But what if you have a 16MHz microcontroller with 2 KB of RAM?

The Arduino Uno is known for being ubiquitous, cheap, and easy to program. Although there are more and more reasons to use competing products, such as the various ARM Cortex-M and Espressif boards (which I use almost exclusively), the Microchip (formerly Atmel) ATMega series is sometimes still preferred for low power applications, cutting cents off a BOM, and its widespread support.

Typically, one checks in a loop repeatedly to see if the task is ready to activate. This can be checking if there's data in a serial buffer, if a certain time period has passed, or a GPIO pin has toggled. However, I'm going to present an alternative to doing this—async/await.

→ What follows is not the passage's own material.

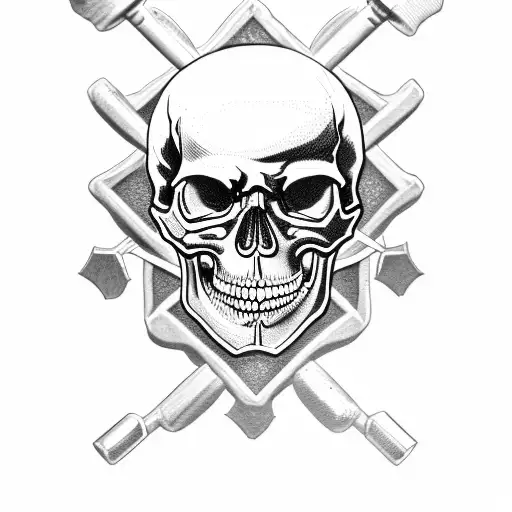 A skull with a  weight plate head    and crossbones barbell }design tattoo design idea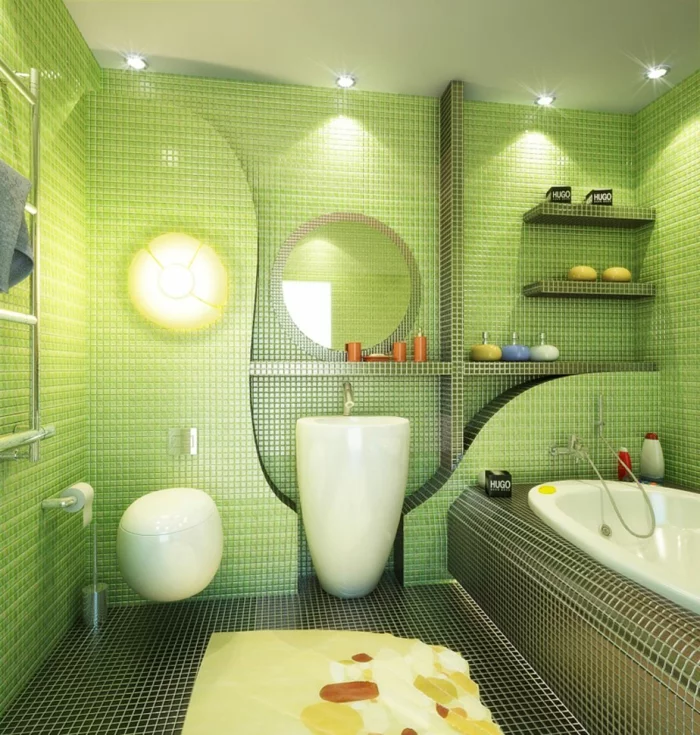 Bad mit Mosaikfliesen für Wand und Boden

What even is `async`/`await`, anyways?

Many modern languages are implementing async/await. C# was one of the first big languages to do it, and then Python, JavaScript, Dart, Kotlin quickly followed. The big difference between threads and async functions is that asynchronous code is handled by the program itself, usually cooperatively, while synchronous operations on threads rely on the OS to do it. The first obvious reason for it, then, is when threads aren't available—just like what we're about to get into soon. However, asynchronous code is typically faster than synchronous code because it is able to avoid the overhead of spawning threads and context switches, as well as the memory overhead, as the amount of space needed on the stack can be calculated ahead of time.

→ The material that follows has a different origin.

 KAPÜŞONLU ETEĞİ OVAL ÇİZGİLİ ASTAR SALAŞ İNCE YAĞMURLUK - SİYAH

Internally, the compiler turns the code into a state machine, typically using the language's generators feature if it has one. Here, every time you write .await and the data is not available immediately, the compiler inserts a return statement, and adds a parameter that allows you to jump right back to where it was. Rust uses Pinning, where it is guaranteed that the generated struct that holds the stack will always be in the same place in memory at all times. This avoids a problem where a pointer is taken to a local variable, the function returns and comes back, and is suddenly pointing to something completely different.

Prior work

C++20 has similar features to Rust's async/await with the co_await keyword, although the available documentation is not quite as good as Rust's. However, there's a total of... 1 search result on the Arduino forums, and it's in German with no code. And even if there was code, it would be largely unaccessable as Arduino ships with an old compiler:

❱ ~/.arduino15/packages/arduino/tools/avr-gcc/*/bin/avr-gcc --version
avr-gcc (GCC) 7.3.0
Copyright (C) 2017 Free Software Foundation, Inc.

GCC 7.3.0 ships with "almost full support" for C++17 (although not by default), but a total of 0 C++20 additions. And if you're on PlatformIO, you'll have even less luck:

❱ ~/.platformio/packages/toolchain-atmelavr/bin/avr-gcc --version
avr-gcc (AVR_8_bit_GNU_Toolchain_3.6.2_1759) 5.4.0
Copyright (C) 2015 Free Software Foundation, Inc.

However, Rust has been able to compile async/await code for almost a year now on the stable compiler build. There's been steadily increasing interest in using these features on embedded platforms with Rust, and many projects have been using it as a result.

Pseudo-`async`/`await`

These libraries actually implement a very similar thing to async/await with a state machine, and jumping to different positions in code based on where it's already been. For example, AceRoutine has a macro, COROUTINE, that internally converts the function into a state machine that jumps to different places using goto. This is actually almost identical to how tools like Babel in the JavaScript world convert async functions to traditional functions that can be used with old browsers.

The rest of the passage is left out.